Who really wants to expand this continued sexual
assimilation? A recent study of soldiers by Harvard researcher
Laura Miller suggests that Army women do not. Only 3 percent of the
enlisted women surveyed believed they "should be treated exactly
like men and serve in the combat arms just like men." Sixty-one
percent indicated a belief that sexual harassment would increase if
combat billets were opened up to females. An equal percentage
believed that women should not be drafted, or should be drafted for
service other than close combat. Only 11 percent of enlisted women
and 14 percent of the female officers surveyed indicated that they
would volunteer for a combat role if one were offered.

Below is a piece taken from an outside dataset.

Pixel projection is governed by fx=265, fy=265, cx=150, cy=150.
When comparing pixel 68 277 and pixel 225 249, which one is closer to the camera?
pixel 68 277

These are the realists who have lived in the powder keg
atmosphere. They know precisely what they want out of their
military service. They also know precisely those circumstances
under which unwanted difficulties arise. Many of them have rightly
grown weary of being pawns in the grand schemes of sociologists,
agenda feminists, and a small core of political-activist military
officers, and of having to live with the often sexually abrasive
results of such activism.
The time has finally come to cease examining these issues
solely from the perspective of how the military culture should
adjust itself to women. While women make valuable contributions on
a variety of levels, the military is and always has been a
predominantly male profession. Its leaders should demand that any
adjustments in sexual roles meet the historically appropriate
criterion of improving performance, and should stop salving the egos
of a group of never-satisfied social engineers.

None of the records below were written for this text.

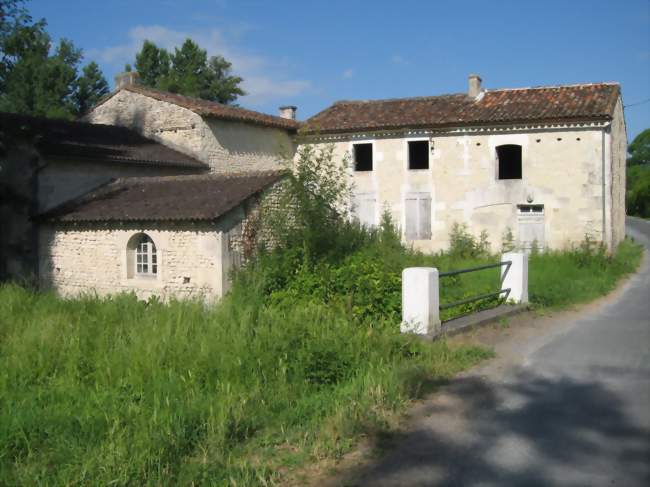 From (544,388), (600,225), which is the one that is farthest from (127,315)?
(600,225)

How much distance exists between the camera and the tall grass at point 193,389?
5.27 m

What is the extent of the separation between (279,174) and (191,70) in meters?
39.6

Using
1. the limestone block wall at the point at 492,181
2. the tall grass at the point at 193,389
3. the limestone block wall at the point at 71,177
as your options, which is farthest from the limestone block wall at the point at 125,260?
the limestone block wall at the point at 492,181

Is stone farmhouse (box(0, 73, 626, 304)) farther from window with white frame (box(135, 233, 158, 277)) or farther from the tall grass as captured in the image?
the tall grass

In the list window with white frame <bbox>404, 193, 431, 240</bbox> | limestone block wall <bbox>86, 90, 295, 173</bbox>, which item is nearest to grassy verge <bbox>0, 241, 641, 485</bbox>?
limestone block wall <bbox>86, 90, 295, 173</bbox>

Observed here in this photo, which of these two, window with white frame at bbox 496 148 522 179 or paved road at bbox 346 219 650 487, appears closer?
paved road at bbox 346 219 650 487

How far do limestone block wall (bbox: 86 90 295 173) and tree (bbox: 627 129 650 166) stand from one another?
2725 inches

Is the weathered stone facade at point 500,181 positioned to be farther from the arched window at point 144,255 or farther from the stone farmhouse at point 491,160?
the arched window at point 144,255

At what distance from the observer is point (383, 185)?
24.4 m

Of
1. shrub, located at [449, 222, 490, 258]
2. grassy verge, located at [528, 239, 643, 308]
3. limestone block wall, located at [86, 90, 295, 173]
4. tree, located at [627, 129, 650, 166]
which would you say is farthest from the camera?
tree, located at [627, 129, 650, 166]

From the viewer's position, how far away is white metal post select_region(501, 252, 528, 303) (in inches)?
495

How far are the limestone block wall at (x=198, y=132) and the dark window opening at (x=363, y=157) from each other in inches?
126

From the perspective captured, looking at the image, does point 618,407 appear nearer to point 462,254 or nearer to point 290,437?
point 290,437

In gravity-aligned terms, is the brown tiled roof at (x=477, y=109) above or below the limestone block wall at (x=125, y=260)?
above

A return to normalcy might cause a retrenchment in arm where women
serve. The United States might want to learn from other countries
with their own experience of women at arms. After World War II, the
Soviet army completely abandoned the use of women in the operating
military (they had been brought in owing to the loss of some 7
million male soldiers in combat). The Israelis at several points
during their recent history have adjusted the roles of females.

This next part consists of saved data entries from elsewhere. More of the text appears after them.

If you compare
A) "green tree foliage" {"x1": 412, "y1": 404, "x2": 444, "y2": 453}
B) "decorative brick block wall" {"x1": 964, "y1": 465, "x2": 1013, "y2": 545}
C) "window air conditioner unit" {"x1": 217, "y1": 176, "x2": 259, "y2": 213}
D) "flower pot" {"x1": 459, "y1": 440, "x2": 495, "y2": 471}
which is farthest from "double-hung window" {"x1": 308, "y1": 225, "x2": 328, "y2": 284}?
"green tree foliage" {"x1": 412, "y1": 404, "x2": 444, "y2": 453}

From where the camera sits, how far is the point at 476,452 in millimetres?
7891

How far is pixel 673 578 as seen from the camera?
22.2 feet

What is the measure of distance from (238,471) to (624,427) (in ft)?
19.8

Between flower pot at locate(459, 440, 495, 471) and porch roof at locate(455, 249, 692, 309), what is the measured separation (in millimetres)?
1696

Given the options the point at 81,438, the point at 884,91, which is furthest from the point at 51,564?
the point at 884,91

Contrary to popular mythology, it is against Israeli law for a
woman to serve in combat-and "combat" is a term interpreted far more
broadly there than it is here.
A logical first, immediate step for the U.S. military to
take is that basic training should be sexually separated, as it has
been throughout history until just the past few years. Beyond that,
each service chief should order, on his own initiative, a full and
honest review of the extent to which current sexual practices are
damaging traditional standards of command, discipline, fairness, and
cohesion. Where damage is being done, policies should be changed.
Where sexual mixing does work, policies should be enhanced. Such a
review should not be within the power of civilian service
secretaries or members of Congress to obstruct, since "good order
and discipline" is the ultimate responsibility of each service
chief-a responsibility that many would argue has been abandoned in
recent decades when it comes to this issue.
If these senior leaders prove too hamstrung, too
compromised, or too politicized to take such action, then the
present Congress should take steps similar to those of its
Watergate-era predecessor and begin the process of dramatic change
itself. Except that this time, the change would be for the purpose
of preserving military traditions, values, and leadership rather
than subjugating them to external political agendas.
Political and military leaders must have the courage to ask
clearly in what areas our current policies toward women in the
military are hurting, rather than helping, the task of defending the
United States. We have now endured two decades of experimentation,
and data on the experiment's results would be voluminous if they
were allowed to be examined. It has been a long time since a
military leader of virtually any rank was free to speak openly about
this without fear of retribution. And the difficulties surrounding
the good order and discipline of our armed forces will not abate
until the leaders themselves are encouraged not only to point to
areas in which the new policy is working, but to speak honestly and
straightforwardly about where they are not.